A federal appeals court on Tuesday tossed out a $368 million verdict against Apple, ruling that jurors were given evidence that may have skewed the sum.
"We vacate the jury's damages award and remand for further proceedings consistent with this opinion," judges in a US appellate court said in a detailed written ruling.
Patent licensing firm VirnetX and Science Applications International Corporation filed suit four years ago in U.S. District Court in Texas, accusing the iPhone, iPad, iPod and Macintosh computer maker of infringing on patented technology in secure video chat capabilities built into a FaceTime feature.
Computer networking gear titan Cisco, maker of a widely used virtual private network (VPN) software, was also named as a defendant in the suit.
Jurors concluded that VirnetX patents had been infringed on and calculated $368.16 million in damages, according to court documents.

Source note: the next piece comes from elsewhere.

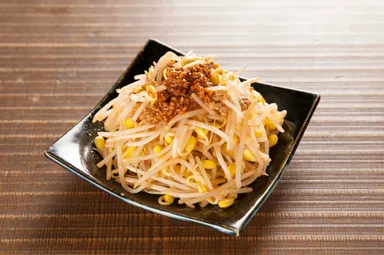 やや辛い肉味噌もやし 360円(税別)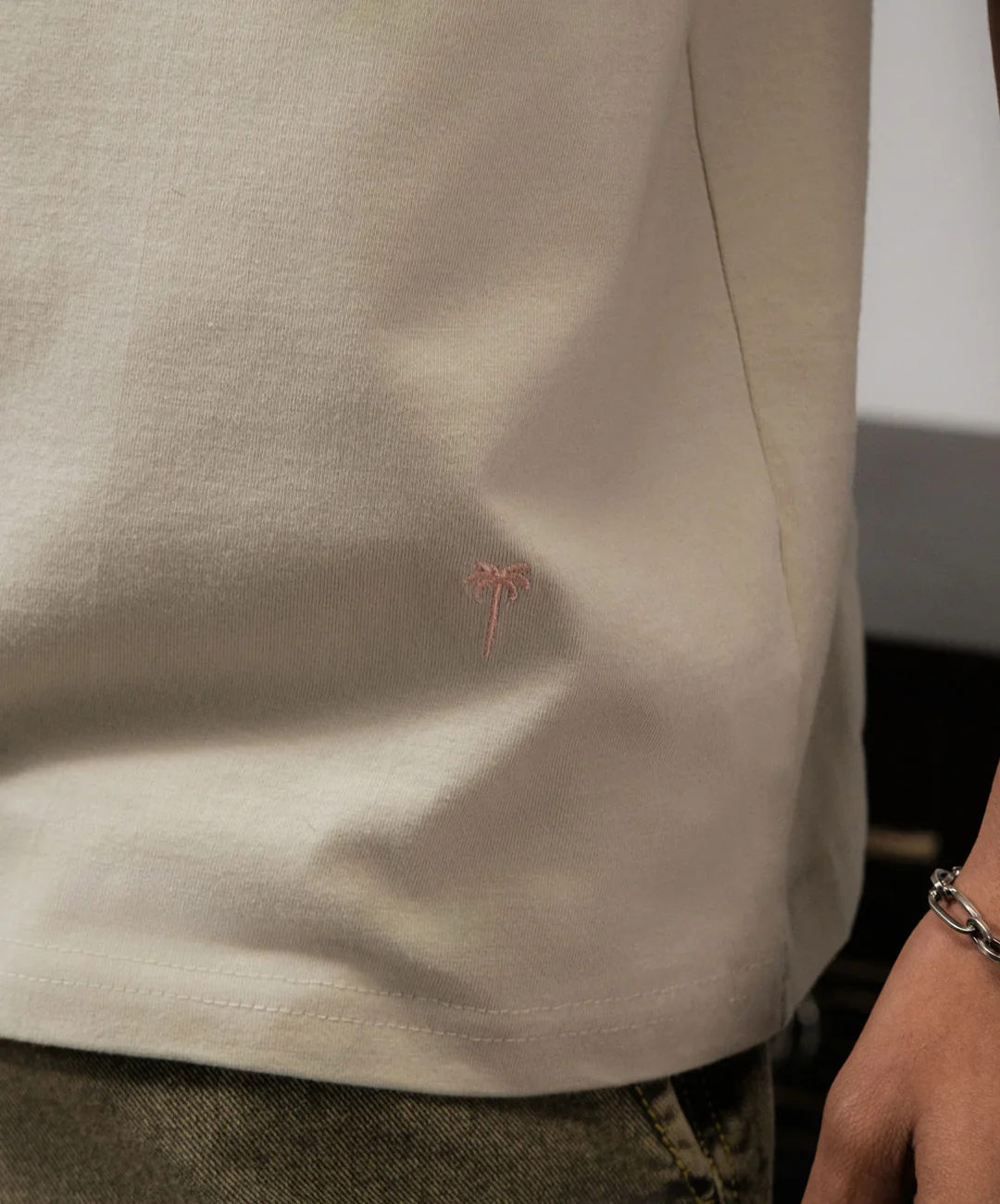 SUPERKICKS | PALM TEE { BEIGE/BROWN - Image 4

Appeals court judges backed the finding of infringement, but said the lower court wrongly allowed expert testimony that may have influenced the damages award.
"While we are disappointed that the federal circuit has vacated portions of the judgment for further proceedings, we are bolstered by the fact that the patents were again found valid and that it was confirmed that Apple's VPN on Demand functionality infringes the VirnetX patents," VirnetX chief executive Kendall Larsen said in a released statement.
"We look forward to readdressing the FaceTime infringement and damages issues as soon as possible."